■直観幾何学研究会2024(その46)

 ガウスが1799年に証明した代数学の基本定理によって、n次方程式はnがどんな値のときでも、複素数の範囲で根の存在は保証されていますが、ここでは、根の公式(根を係数で表す式)の存在について触れることにします。

 2次方程式は紀元前二千年頃のバビロニアで、3次方程式、4次方程式は16世紀になって(1515年〜1540年ころ)それぞれファンタナ(タルタリアというのはどもる人という意味で彼のニックネームだった)、フェラーリによって肯定的に解かれ、根の公式が求められています。
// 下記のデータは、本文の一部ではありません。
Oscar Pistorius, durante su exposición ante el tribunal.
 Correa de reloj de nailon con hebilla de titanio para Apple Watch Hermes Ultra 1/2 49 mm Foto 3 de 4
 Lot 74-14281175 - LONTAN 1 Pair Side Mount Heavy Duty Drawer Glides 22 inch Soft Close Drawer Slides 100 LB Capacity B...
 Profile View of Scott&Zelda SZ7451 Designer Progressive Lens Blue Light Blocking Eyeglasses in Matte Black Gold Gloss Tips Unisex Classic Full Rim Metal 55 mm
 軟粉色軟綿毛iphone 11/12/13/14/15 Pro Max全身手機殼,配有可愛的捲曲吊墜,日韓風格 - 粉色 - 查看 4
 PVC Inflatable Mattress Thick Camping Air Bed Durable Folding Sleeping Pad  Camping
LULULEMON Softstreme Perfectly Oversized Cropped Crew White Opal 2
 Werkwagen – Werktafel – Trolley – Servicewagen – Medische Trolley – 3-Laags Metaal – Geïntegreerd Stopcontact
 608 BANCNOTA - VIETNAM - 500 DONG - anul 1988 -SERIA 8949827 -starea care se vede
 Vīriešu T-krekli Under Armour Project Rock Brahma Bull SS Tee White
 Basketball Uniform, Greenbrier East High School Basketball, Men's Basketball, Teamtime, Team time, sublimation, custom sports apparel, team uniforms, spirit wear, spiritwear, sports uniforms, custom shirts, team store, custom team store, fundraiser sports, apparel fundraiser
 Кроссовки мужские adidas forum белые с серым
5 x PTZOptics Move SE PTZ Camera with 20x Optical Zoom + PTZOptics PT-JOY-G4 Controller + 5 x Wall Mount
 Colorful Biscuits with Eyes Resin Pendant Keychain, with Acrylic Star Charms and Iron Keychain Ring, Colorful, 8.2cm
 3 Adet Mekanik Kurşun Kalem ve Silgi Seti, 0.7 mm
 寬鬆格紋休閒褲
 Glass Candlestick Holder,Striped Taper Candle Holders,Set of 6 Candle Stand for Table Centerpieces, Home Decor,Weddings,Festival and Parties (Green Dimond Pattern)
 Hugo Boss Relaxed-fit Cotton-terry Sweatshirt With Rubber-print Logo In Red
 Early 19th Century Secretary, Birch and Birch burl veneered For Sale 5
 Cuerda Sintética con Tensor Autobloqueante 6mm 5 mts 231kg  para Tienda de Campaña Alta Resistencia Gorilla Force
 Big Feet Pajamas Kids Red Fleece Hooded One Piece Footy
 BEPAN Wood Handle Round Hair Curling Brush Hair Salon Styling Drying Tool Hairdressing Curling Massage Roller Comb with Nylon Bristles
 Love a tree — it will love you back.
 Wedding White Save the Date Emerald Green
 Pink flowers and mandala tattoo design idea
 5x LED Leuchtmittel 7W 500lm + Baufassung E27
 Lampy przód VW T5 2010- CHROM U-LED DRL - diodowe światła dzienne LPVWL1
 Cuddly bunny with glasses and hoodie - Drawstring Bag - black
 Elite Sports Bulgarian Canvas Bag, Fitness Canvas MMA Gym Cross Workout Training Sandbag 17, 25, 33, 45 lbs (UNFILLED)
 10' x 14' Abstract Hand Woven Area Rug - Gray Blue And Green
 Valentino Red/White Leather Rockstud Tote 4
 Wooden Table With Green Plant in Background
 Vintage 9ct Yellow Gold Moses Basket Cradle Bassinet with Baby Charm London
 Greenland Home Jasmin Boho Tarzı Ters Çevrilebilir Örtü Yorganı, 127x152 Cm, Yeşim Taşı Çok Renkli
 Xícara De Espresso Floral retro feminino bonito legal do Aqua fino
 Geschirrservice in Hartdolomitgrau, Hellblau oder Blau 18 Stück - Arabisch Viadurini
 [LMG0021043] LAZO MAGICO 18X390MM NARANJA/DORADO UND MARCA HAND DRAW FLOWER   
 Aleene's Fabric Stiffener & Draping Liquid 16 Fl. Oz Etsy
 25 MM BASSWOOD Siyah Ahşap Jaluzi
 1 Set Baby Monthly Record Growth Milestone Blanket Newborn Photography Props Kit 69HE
フェラーリは次数4の方程式は2次方程式と3次方程式に帰着させることができ、したがって平方根と立方根によって解けることを発見しました。

 そこで、次の問題は5次方程式:ax5 +bx4 +cx3 +dx2 +ex+f=0の代数的解法、すなわち四則演算+,−,×,÷と根号√, 3√, 4√,・・・によって解を求めることでした。いまからほとんど4世紀も昔の問題です。5次方程式の根の公式に対してはオイラーやラグランジュなど多くの数学者が挑戦したのですが、だれ一人として成功しませんでした。ラグランジュは4次方程式と同様の方法を5次方程式に試みて失敗したのですが、じつはこれには正当な理由があり、そもそも不可能な問題であったのです。

 一般に、n次方程式:

an x^n +an-1 x^n-1 +・・・+ a1 x+a0 =0

に対してx’=x+an-1 /nan と変換するとxn-1 の項が0である方程式に還元できます。ではもっと低次の項の係数を0にできないか?と考えて、チルンハウスとその弟子たちは、一般の5次方程式をx5 +ax+b=0まで還元しました(チルンハウス変換)。ここで、a=0ならば−bの5乗根としてxは求まるのですが、しかし、さらにa=0にしようとすると、6次方程式を解く必要が生じて、問題がかえって難しくなってしまいます。

 結局、19世紀になってから、5次以上の一般代数方程式は代数的に(四則と累乗根によって)解けないことが、二人の若い数学者、アーベルとガロアによって否定的に解かれ、根の公式は存在しないことが証明されています。肺結核に侵され不幸にして夭折した天才アーベル、そして当時の数学界に受け入れられなかった悲劇の天才ガロアはわずか20才の1832年に決闘にたおれたことはあまりにも有名な悲話になっています。